The composite quantile loss for a set of quantiles can be defined as

\sum_i \sum_ j (p_j - 1\{y_i < q_{ji}\}) (y_i - q_{ji})

where p_j \in(0,1) denote the j-th quantile level/probability, y_i the i-th target/observation, and q_{ji} the p_j-quantile for the i-th sample. For a year or two I have been using the following implementations

#  qt size: level, case
function qtloss(qt::AbstractMatrix, y::AbstractVector, prob::AbstractVector; agg = mean)
    err = y .- qt'                         # case x level
    agg( (prob' .- (err .< 0)) .* err )    
end

function qtlossMax(qt::AbstractMatrix, y::AbstractVector, prob::AbstractVector; agg = mean)
    err = y .- qt'
    agg( max.(prob' .* err, (prob' .- 1) .* err) )
end

where the former is slightly faster in my experience. Btw, are there better alternatives with respect to speed and memory usage?

Now I would like to extend this implementation to Flux “image” models with data dimensions WHCN. C would here be the level/probability dimension and the dimensions WHN the “i-summation”. Any suggestions would be appreciated, in particular for GPUs. Reducing to the 2D-case with permutedims/reshape could be one option, but …

Instead of reshaping the inputs down, you could pad prob and y with size-1 dims. That would also save a transpose on qt and prob down the line.

GitHub - mcabbott/Tullio.jl: ⅀ is worth a try here.

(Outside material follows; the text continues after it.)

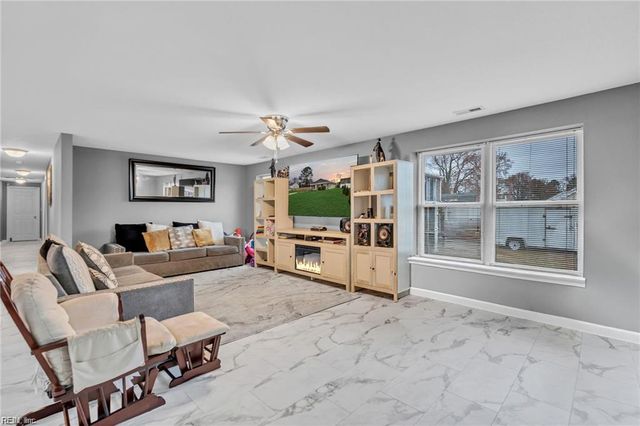 5616 Paca LN, Virginia Beach, VA 23462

@ToucheSir Not sure I fully understand, but I made a test using permutedims only (without Tullio) as follows

using Flux, Statistics, BenchmarkTools

# size qt: WHCN where C is no. of quantiles
function qtloss(qt::AbstractArray{T,4}, y::AbstractArray{T,4}, prob::AbstractVector{T}; agg = mean) where T<:Real
    err = permutedims(y, (3,1,2,4)) .- permutedims(qt, (3,1,2,4))
    agg( (prob .- (err .< 0)) .* err )
end

function create_data(; d = 256, vars = 25, n = 32, nprob = 20, device = gpu)
    x    = rand(Float32, d, d, vars, n) |> device
    y    = rand(Float32, d, d, 1, n) |> device
    prob = Float32.(range(0, 1, length=nprob+2)[2:end-1]) |> device
    return x, y, prob
end

device     = gpu
x, y, prob = create_data(device = device);
opt        = ADAM()
model      = Conv((3,3), size(x,3) => length(prob), relu, pad=SamePad()) |> device
loss(x, y) = qtloss(model(x), y, prob)
@btime Flux.train!(loss, Flux.params($model), [($x,$y)], $opt)
#  RTX2070:  24.496 ms (1124 allocations: 101.52 KiB)
#  cpu:       4.632 s (540 allocations: 2.58 GiB)

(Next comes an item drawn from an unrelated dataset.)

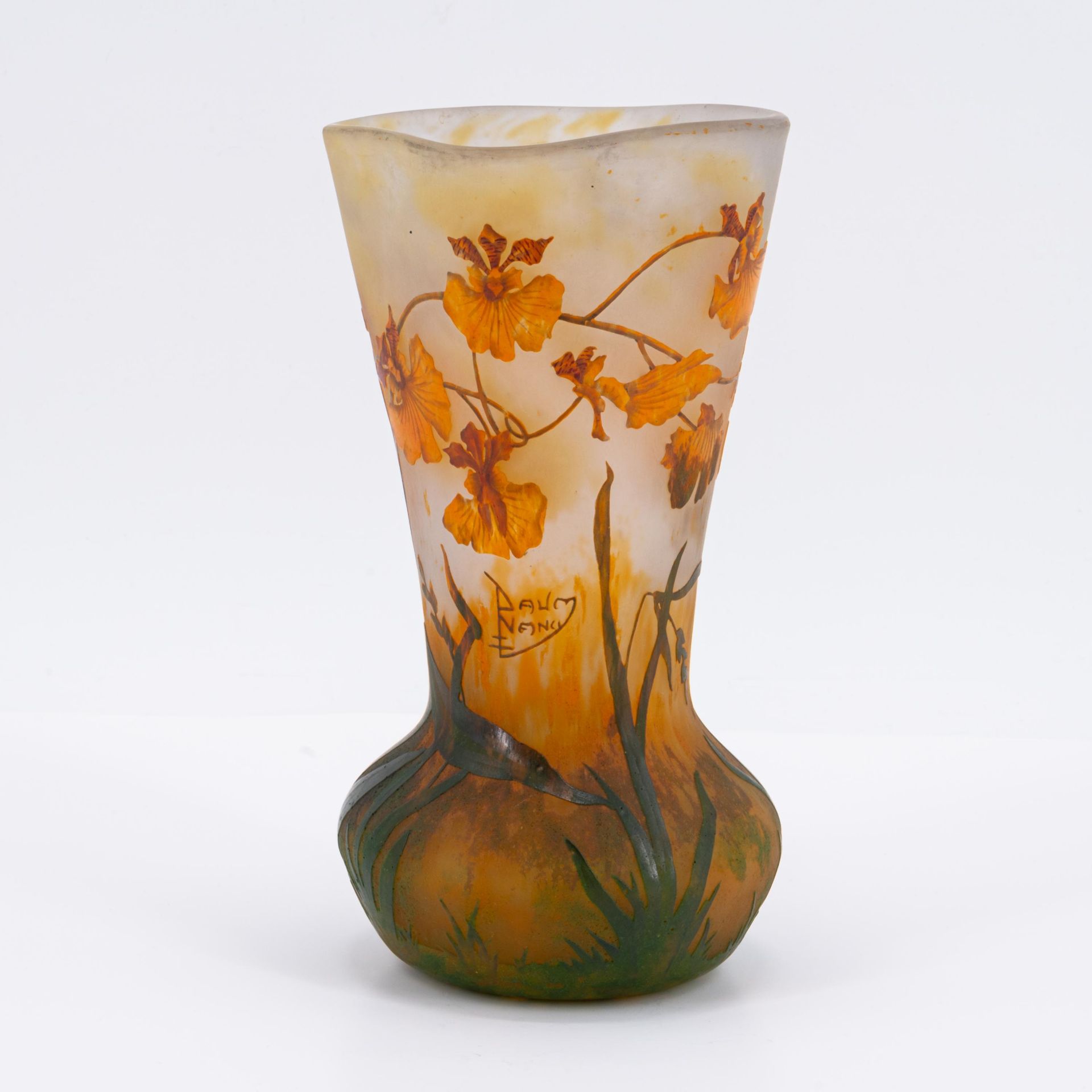 Vase with orchid decor - Image 4 of 7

Training times seem reasonable, but I do not understand the huge difference in memory allocated. Maybe the permutedims could also have been applied before the loss function, but not sure it would make any difference.

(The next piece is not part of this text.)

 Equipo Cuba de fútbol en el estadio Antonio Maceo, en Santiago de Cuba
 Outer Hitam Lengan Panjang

This is what I meant by pre-padding:

function qtloss2(qt::AbstractArray{T,4}, y::AbstractVector{T}, prob::AbstractVector{T}; agg = mean) where T<:Real
    err = reshape(y, 1, 1, 1, :) .- qt
    prob = reshape(prob, 1, 1, :)
    agg((prob .- (err .< 0)) .* err)
end

Allocations and runtime are still higher than I’d expect, but lower than the version with permutedims:

julia> @btime gradient($qtloss, $x, $y, $prob);
  969.884 ms (83 allocations: 1.59 GiB)

julia> @btime gradient($qtloss2, $x, $y2, $prob);
  580.226 ms (78 allocations: 1.25 GiB)

Hmm. What is y2 here? In the WHCN case, the targets y has dimension W,H,1,N.

I didn’t glean that from the spec, so I just made y2 a vector of targets like the original 1-D case. Since y is already the correct shape for broadcasting, you can remove the reshape on the first line and everything should still work just fine.

1 Like

Thanks @ToucheSir . Is there any reason for using reshape(prob, 1, 1, :) instead of reshape(prob, 1, 1, :, 1)?

No reason in particular, it happened to save a couple of characters for this example. I think it might also be easier to write a helper function that pads this way, but I haven’t actually tried to do so.